**Exercise data:**
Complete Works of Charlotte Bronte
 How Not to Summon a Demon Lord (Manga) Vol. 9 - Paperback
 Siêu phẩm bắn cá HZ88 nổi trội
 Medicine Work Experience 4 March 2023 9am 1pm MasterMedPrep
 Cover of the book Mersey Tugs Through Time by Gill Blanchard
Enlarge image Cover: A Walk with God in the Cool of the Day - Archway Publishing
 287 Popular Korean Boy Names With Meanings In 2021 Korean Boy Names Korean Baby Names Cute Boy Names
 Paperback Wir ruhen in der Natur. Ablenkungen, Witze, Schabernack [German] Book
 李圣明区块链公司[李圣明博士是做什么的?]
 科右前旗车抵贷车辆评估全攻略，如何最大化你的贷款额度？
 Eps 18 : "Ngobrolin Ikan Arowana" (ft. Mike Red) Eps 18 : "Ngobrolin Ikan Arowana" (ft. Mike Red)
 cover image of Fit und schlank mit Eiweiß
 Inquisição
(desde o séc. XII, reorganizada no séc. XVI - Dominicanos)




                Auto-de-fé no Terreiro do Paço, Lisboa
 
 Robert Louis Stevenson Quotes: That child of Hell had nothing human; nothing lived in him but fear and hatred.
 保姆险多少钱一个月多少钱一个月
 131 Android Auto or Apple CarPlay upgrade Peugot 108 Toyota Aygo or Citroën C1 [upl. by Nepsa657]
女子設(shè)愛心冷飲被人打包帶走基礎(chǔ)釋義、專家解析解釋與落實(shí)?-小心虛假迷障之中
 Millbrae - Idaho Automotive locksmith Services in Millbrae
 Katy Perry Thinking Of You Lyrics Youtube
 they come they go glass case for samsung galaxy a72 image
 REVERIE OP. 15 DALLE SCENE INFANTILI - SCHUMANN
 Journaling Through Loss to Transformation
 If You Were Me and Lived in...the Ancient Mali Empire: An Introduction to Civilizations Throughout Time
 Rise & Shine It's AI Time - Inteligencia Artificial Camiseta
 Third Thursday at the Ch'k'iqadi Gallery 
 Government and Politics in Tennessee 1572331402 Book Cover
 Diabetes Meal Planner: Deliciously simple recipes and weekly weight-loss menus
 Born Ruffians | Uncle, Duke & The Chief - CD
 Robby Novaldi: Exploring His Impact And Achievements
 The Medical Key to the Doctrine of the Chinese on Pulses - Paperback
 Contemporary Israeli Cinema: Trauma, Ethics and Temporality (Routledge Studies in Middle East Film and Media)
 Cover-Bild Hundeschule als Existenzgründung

**What is being asked:** Given the records above, return exactly the lines starting at the line containing "Mike Red) Eps" and ending at the line containing "Government and Politics", including both.

**Your solution:**
 Eps 18 : "Ngobrolin Ikan Arowana" (ft. Mike Red) Eps 18 : "Ngobrolin Ikan Arowana" (ft. Mike Red)
 cover image of Fit und schlank mit Eiweiß
 Inquisição
(desde o séc. XII, reorganizada no séc. XVI - Dominicanos)




                Auto-de-fé no Terreiro do Paço, Lisboa
 
 Robert Louis Stevenson Quotes: That child of Hell had nothing human; nothing lived in him but fear and hatred.
 保姆险多少钱一个月多少钱一个月
 131 Android Auto or Apple CarPlay upgrade Peugot 108 Toyota Aygo or Citroën C1 [upl. by Nepsa657]
女子設(shè)愛心冷飲被人打包帶走基礎(chǔ)釋義、專家解析解釋與落實(shí)?-小心虛假迷障之中
 Millbrae - Idaho Automotive locksmith Services in Millbrae
 Katy Perry Thinking Of You Lyrics Youtube
 they come they go glass case for samsung galaxy a72 image
 REVERIE OP. 15 DALLE SCENE INFANTILI - SCHUMANN
 Journaling Through Loss to Transformation
 If You Were Me and Lived in...the Ancient Mali Empire: An Introduction to Civilizations Throughout Time
 Rise & Shine It's AI Time - Inteligencia Artificial Camiseta
 Third Thursday at the Ch'k'iqadi Gallery 
 Government and Politics in Tennessee 1572331402 Book Cover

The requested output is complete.